L’Afrique vit au rythme des élections : Burundi, Rwanda, Congo, Niger, Sénégal, Tchad, RDC… Mais ce qui devait être considéré comme un signe de vitalité démocratique est vu plutôt comme un retour à l’avant Discours de la Baule du 20 juin 1990. L’aide de la France et, de manière générale, celle de l’Occident, n’étant plus ce qu’elle était, l’Afrique prend ses distances avec une démocratie qui « ne se mange pas ». Elle cherche surtout à s’adapter au lieu d’adopter. Avec des résultats mitigés.
Pour les pays africains, anciennes dépendances de la France, le Discours de La Baule prononcé par François Mitterrand, le 20 juin 1990, dans le cadre de la 16ème Conférence des chefs d’État d’Afrique et de France, un nouveau modus vivendi s’instaure.
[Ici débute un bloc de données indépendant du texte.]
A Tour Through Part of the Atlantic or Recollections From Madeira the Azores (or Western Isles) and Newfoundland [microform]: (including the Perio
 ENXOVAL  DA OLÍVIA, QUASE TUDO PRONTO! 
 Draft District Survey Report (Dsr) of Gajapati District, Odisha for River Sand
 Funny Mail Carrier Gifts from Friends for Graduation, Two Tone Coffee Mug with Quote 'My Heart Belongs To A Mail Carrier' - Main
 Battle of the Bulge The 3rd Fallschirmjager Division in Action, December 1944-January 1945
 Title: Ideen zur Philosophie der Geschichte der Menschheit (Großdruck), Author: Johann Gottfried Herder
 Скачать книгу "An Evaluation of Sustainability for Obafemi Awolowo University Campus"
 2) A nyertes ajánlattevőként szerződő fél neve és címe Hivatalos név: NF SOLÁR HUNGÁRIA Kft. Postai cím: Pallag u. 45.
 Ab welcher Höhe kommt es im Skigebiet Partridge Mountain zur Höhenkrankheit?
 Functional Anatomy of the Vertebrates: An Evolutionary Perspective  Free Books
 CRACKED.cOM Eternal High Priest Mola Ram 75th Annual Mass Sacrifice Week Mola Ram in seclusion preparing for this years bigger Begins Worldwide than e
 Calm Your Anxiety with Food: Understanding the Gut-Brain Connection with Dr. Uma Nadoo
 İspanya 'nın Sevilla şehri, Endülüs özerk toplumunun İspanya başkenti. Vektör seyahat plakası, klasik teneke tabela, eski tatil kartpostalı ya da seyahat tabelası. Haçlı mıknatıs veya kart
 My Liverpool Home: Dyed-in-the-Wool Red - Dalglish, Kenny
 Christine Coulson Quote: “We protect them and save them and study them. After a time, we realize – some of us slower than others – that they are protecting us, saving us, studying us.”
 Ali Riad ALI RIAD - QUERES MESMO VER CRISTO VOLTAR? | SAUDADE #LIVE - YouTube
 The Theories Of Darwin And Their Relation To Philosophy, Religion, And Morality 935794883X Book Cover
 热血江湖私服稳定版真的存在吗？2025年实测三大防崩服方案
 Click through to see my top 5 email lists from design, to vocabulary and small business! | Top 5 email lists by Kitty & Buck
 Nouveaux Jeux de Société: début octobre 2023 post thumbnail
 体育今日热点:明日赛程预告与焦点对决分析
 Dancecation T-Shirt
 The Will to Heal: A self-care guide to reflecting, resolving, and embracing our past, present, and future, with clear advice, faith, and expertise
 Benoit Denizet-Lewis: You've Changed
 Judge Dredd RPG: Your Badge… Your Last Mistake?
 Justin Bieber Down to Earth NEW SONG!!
La démocratie est un choix irréversible certes mais chaque pays l’adapte à sa situation propre.
Ce n’est plus une «recette» découlant des relations entre la France et l’Afrique ou du regard des Etats Unis d’Amérique sur le monde. On peut même dire que l’Afrique «résiste», comme le font des pays arabes où la démocratie a été rejetée de manière violente (Libye, Syrie, Yémen, Irak…). L’adaptation aux contextes spécifiques, comme au Rwanda et au Congo, est présentée comme la panacée contre les nouveaux maux de l’Afrique. Le modèle occidental des deux mandats est ainsi remis en cause par une sorte de «sous évaluation» temporelle qui ne manque pas de pertinence. Car si le Président élu en Europe ou aux USA arrive pour assurer une continuité, son homologue africain amorce, souvent, un nouveau départ.
Cependant, dans ses grandes lignes, le Discours de La Baule reste d’actualité. Et Roland Dumas, ancien ministre des Affaires étrangères de Mitterrand, a parfaitement raison d’avoir dit, un jour, que «Le vent de liberté qui a soufflé à l’est (en 1889) devra inévitablement souffler un jour en direction du sud (…). Il n’y a pas de développement sans démocratie et il n’y a pas de démocratie sans développement». Ce dernier aspect est essentiel.
Les relations avec l’Afrique sont sorties d’un contexte de la guerre froide, fondées sur une sécurisation des approvisionnements sans réelle considération pour le respect des droits de l’Homme et de la démocratie de la part des pays exportateurs, pour entrer dans celui d’un enfermement de l’Europe sur elle-même. Cette attitude explique, en partie, la montée en puissance de la Chine et de l’Inde avec, comme corollaire, la «résistance» de l’Afrique au changement. Si le Discours de La Baule représentait un pas en avant vers la conditionnalité des échanges, poussant les pays d’Afrique à accélérer leur processus de démocratisation, le rétrécissement de l’APD (Aide publique au développement) et la fermeture des frontières de l’Europe expliquent la remise en cause des préceptes démocratiques et l’apparition des nouveaux périls.